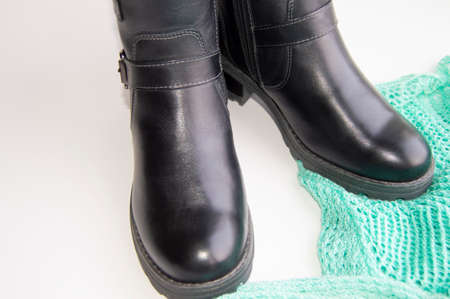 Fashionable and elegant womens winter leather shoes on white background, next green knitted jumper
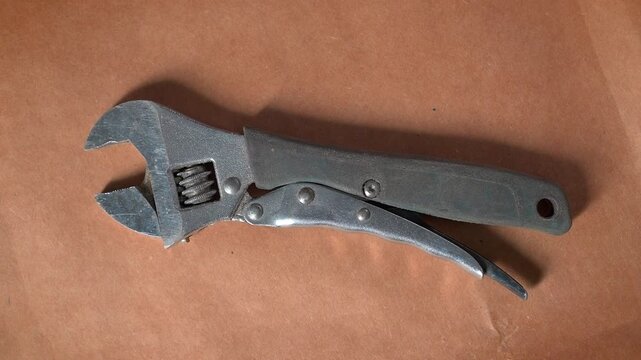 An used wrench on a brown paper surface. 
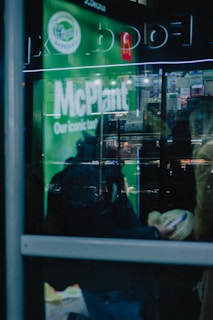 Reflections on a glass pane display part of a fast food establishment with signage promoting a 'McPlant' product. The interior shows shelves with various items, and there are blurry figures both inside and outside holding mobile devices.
⁂
ASSIGNMENT:
Beginning with the line that includes "An used wrench on a brown paper surface." and ending with the last line of the material, reproduce those lines exactly and nothing else, with no pictures.

EXERCISE ANSWER:
 An used wrench on a brown paper surface. 
 Reflections on a glass pane display part of a fast food establishment with signage promoting a 'McPlant' product. The interior shows shelves with various items, and there are blurry figures both inside and outside holding mobile devices.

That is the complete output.